**ABOUT THIS TASK:**
Could you write out, exactly as they stand, only the lines in the listing below from the line with "酱肘子的家常做法_糖色去骨炖煮,耐心做,香烂可口 酱肘子" to the line with "GERS DOMAINE XVIIIème", both ends included, without the pictures?

**DATA TO EXAMINE:**
---*---
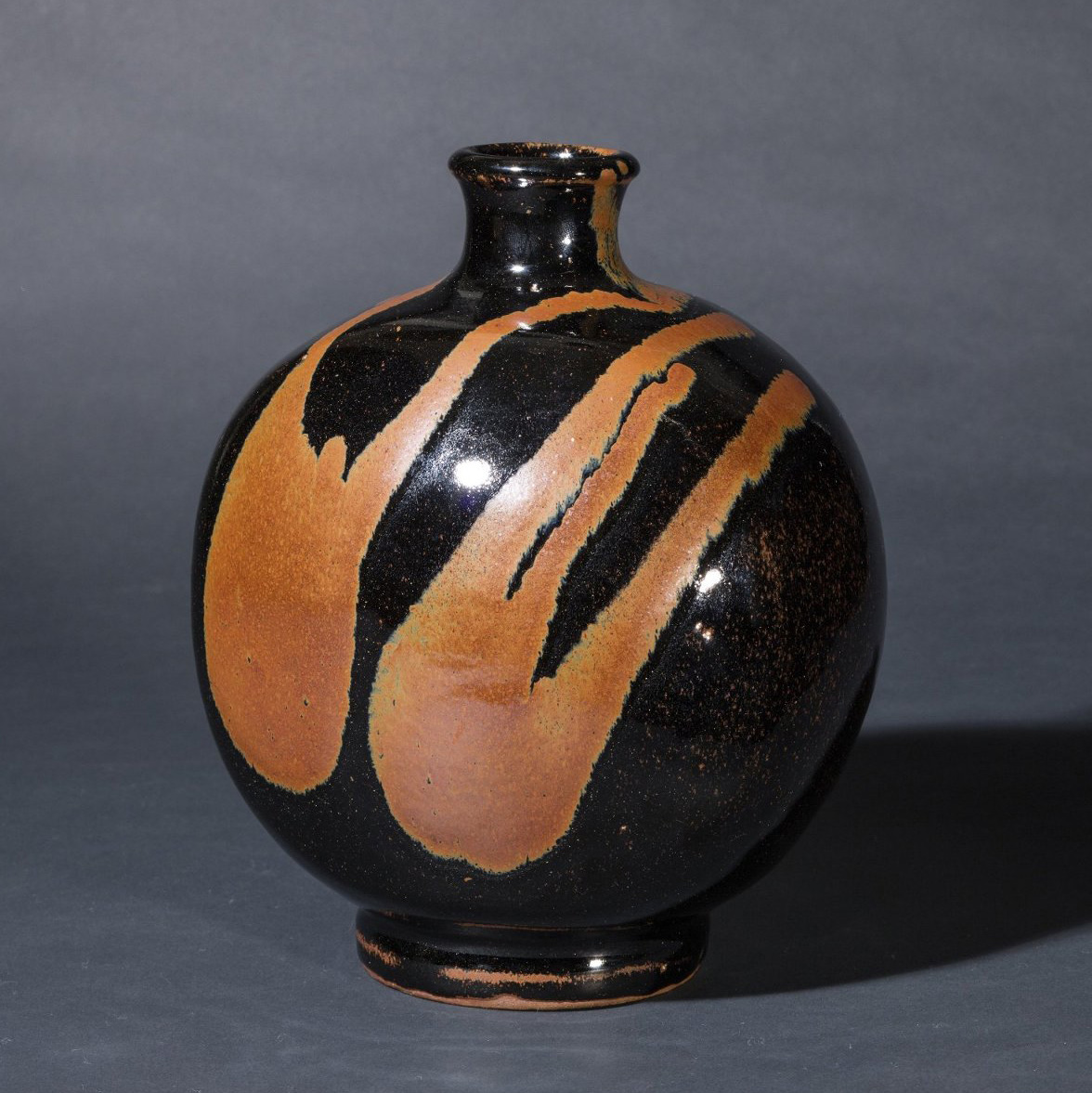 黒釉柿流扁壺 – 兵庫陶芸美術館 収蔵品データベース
---*---
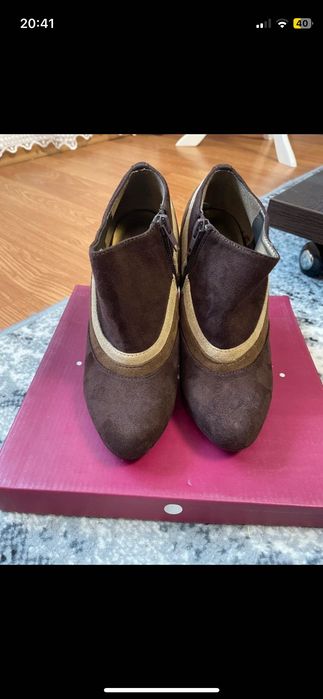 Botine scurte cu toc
---*---
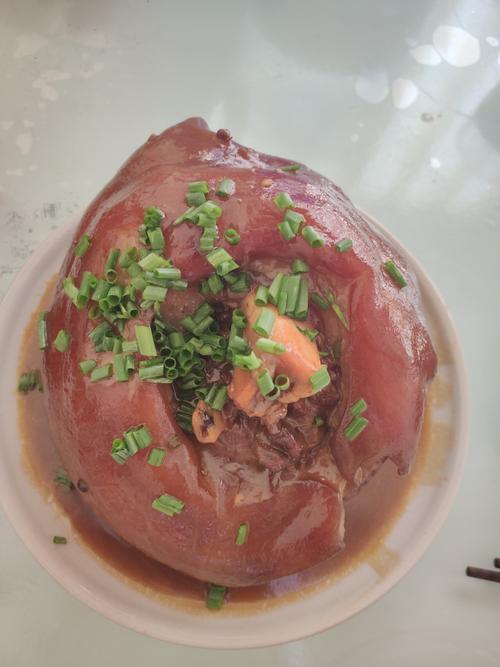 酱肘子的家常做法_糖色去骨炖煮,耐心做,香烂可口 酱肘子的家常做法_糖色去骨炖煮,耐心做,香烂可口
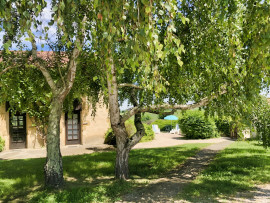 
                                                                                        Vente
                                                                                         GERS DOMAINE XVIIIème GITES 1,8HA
---*---
**RESPONSE TO THE TASK:**
 酱肘子的家常做法_糖色去骨炖煮,耐心做,香烂可口 酱肘子的家常做法_糖色去骨炖煮,耐心做,香烂可口
                                                                                        Vente
                                                                                         GERS DOMAINE XVIIIème GITES 1,8HA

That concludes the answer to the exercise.